Donnie Earl WITT, Appellant v. The STATE of Texas, Appellee.
In a consolidated trial, a jury convicted Donnie Earl Witt of eleven counts of possession of child pornography and a single charge of aggravated sexual assault of a child. Witt pleaded “true” to enhancement allegations, and the jury assessed his punishment at sixty years' imprisonment for eight of the child pornography convictions, eighty years' imprisonment for the remaining three child pornography convictions, and life imprisonment for the aggravated sexual assault conviction.
In appellate cause no. 10-06-00233-CR (trial court cause no. 2004-637-C), Witt contends in two issues that: (1) the evidence is legally and factually insufficient to sustain the child pornography convictions because the State did not specify which of the photographs admitted in evidence applied to which of the eleven counts in the indictment; and (2) the charge is erroneous because it failed to “link” any particular photograph to any particular count of the indictment. In appellate cause no. 10-06-00234-CR (trial court cause no. 2006-294-C), Witt contends in his sole issue that the State failed to prove venue. We will affirm the convictions in both cases.
DPS Trooper David Murphy pulled over the Cadillac that Witt was driving for a traffic violation on Interstate 35 just north of Waco. As Trooper Murphy got out of the patrol car, Witt drove away. Murphy pursued Witt for over thirty miles at speeds of as much as 120 miles per hour. Near the end of the pursuit, Murphy observed Witt change places with the front seat passenger. The Cadillac began losing oil (which sprayed on the patrol car) and it eventually pulled to the side of the interstate near Itasca.
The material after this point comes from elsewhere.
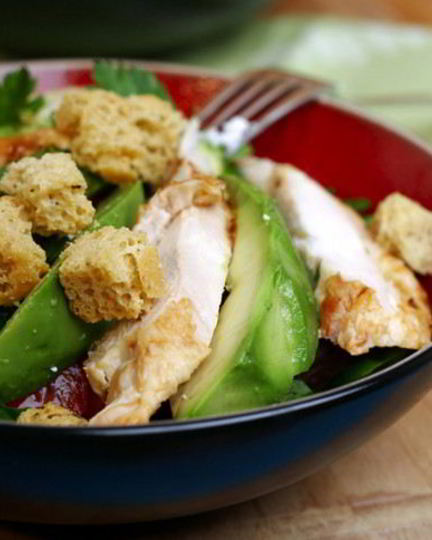 Рецепт салата цезарь с куриной грудкой и авокадо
The occupants of the Cadillac were ordered to exit the car one at a time. The mother of the complainant K.L. was the driver. Witt exited from the front passenger seat, and K.L. exited from the back seat. K.L. was fourteen years old at that time. During an inventory search, Murphy recovered about ninety Polaroid photographs depicting Witt, K.L., or both. Seventeen of the photographs depict K.L. in the nude. It was later determined that K.L. was pregnant with twins fathered by Witt.
Witt was convicted of evading arrest or detention in a motor vehicle, endangering a child, and fleeing the scene of an accident in Hill County. He was convicted in federal court for production of child pornography. K.L.'s mother was convicted in federal court of aiding and abetting in the possession of child pornography.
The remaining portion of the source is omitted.